**** Provided material

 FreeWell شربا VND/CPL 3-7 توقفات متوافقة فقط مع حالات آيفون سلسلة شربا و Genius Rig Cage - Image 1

********
**** Provided material

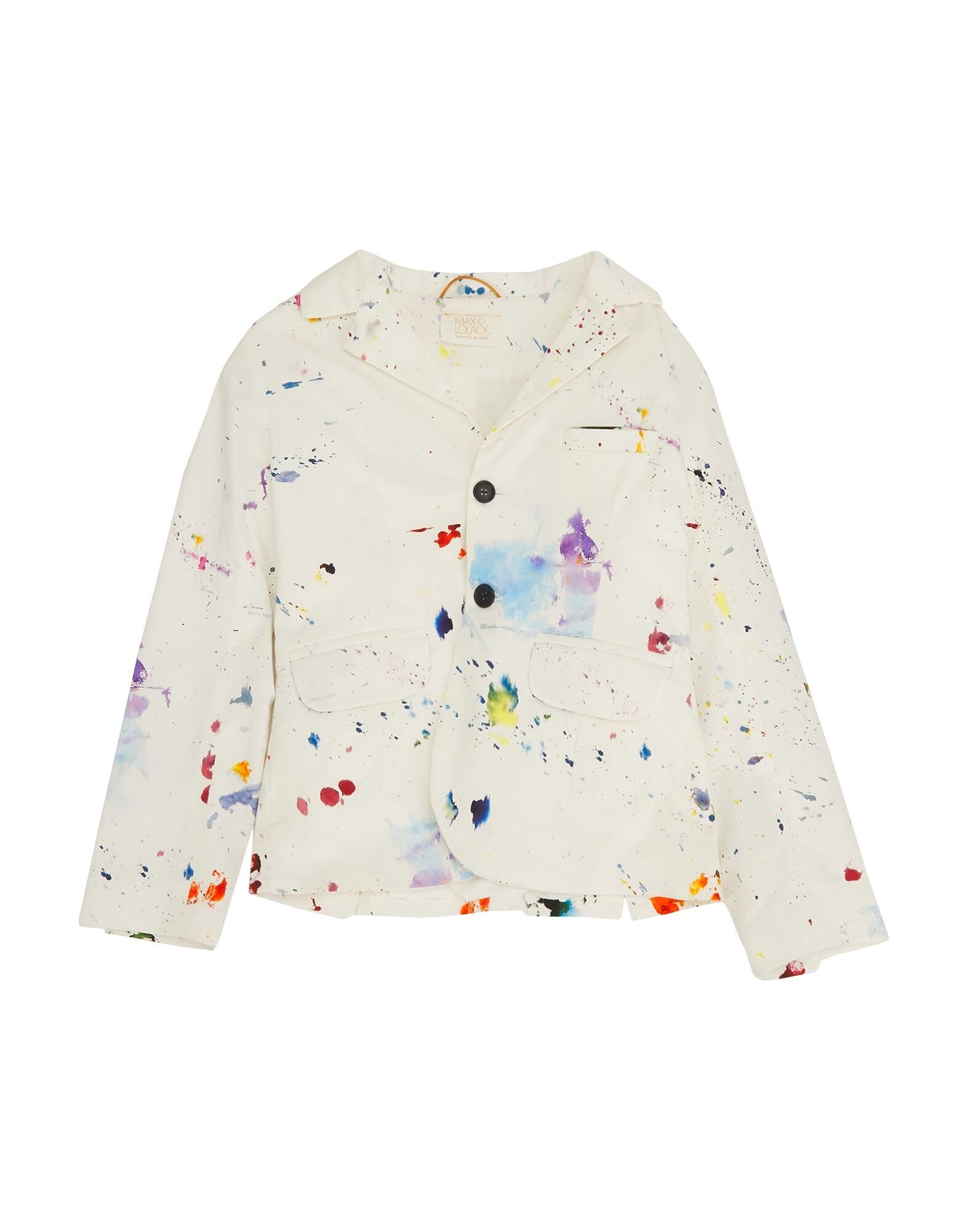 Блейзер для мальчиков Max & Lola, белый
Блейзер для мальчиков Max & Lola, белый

********
**** Provided material

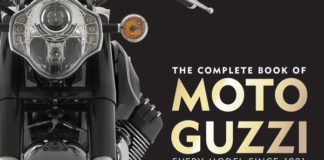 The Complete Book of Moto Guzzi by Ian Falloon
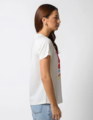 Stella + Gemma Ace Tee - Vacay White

********

Exercise:
Return, exactly as they stand, the lines above from the one with "The Complete Book" to the one with "Stella + Gemma Ace Tee - Vacay White", omitting any pictures among them.

Response to this task:
 The Complete Book of Moto Guzzi by Ian Falloon
 Stella + Gemma Ace Tee - Vacay White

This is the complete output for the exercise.